Claro está, señor mío, que no le cuento en esa ralea de imbéciles —o de resentidos, que es igual— que cuando tropiezan con un descontentadizo radical, ideal, fundamental —de raíz, de idea o teoría, de fondo— hablan de despecho. Y le inventan motivos al nivel de sus menguados resentimientos. Le suponen pequeñas ambiciones de orden pasajero. ¡Pobres hombres! Y está aún más claro que tampoco le cuento entre esos otros cuitados que nos reparten a los hombres entre distintos partidos, sectas, sindicatos, corporaciones y toda clase de clases y andan buscando al servicio del interés de cuál de éstas se pone el que se rinde al servicio de la verdad, de la terrible verdad, que puede más que la razón y que, al cabo, puede más que la vida. Cuando la vida se acaba; cuando llega la muerte. Porque si, como le dije, la vida puede más que la verdad mientras se vive, mientras se está pasando, y le hace creer al que pasa que está mejor, que progresa, que mejora, la verdad puede más que la vida cuando ésta, la vida, ha pasado y cuando, pasada, ya no es vida, sino historia —o leyenda—, cuando es muerte inmortal.
“¿Pero para qué traernos esas verdades?” —me dirá usted—. Pues para que no se duerman en la vida que pasa.
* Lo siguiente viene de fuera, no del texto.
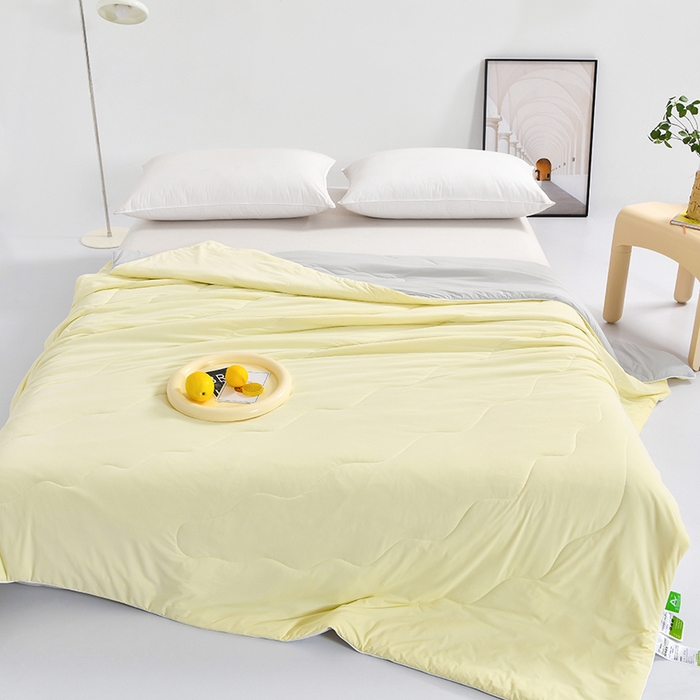 91家纺网 家纺一手货源 找家纺 亚龙工厂店 2026新款某岛同款云母冰丝凉感瓜瓜被 清爽柠檬-黄拼灰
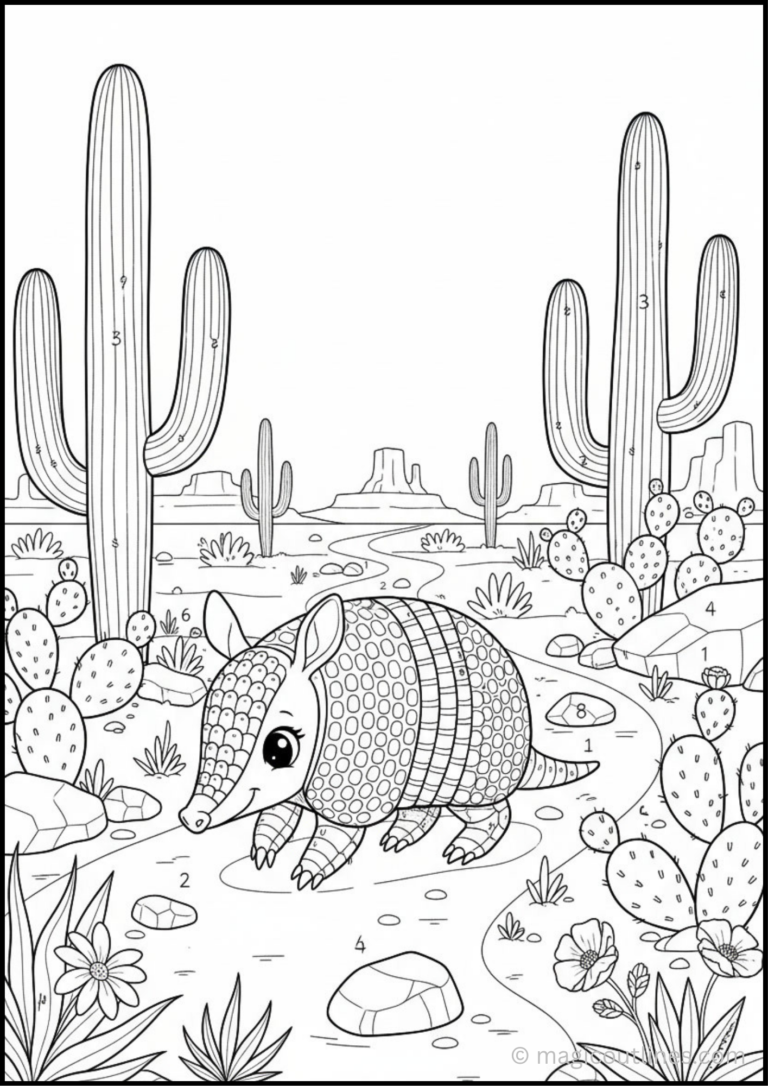 Enjoy this free printable Cute Desert Armadillo Coloring Page featuring an adorable armadillo exploring a peaceful desert filled with cacti, flowers, and rocks. Great for kids who love animals and nature.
Y en nuestro caso —en el nuestro, ¿eh?—, para que no caigan en la candorosa ingenuidad de creer que están renovando nada, que están revolviendo nada. ¿Revolución? ¡Vamos, hombre, lo que se reirán nuestros descendientes cuando lo de ahora, por ser pasado, se haga mejor, se convierta de vida en verdad, de actualidad en leyenda, y se enteren de que algunos de los nuestros creían estar haciendo una revolución! Porque ellos apenas verán diferencia entre una vuelta y otra vuelta, entre un régimen y otro. Cada uno a su tiempo.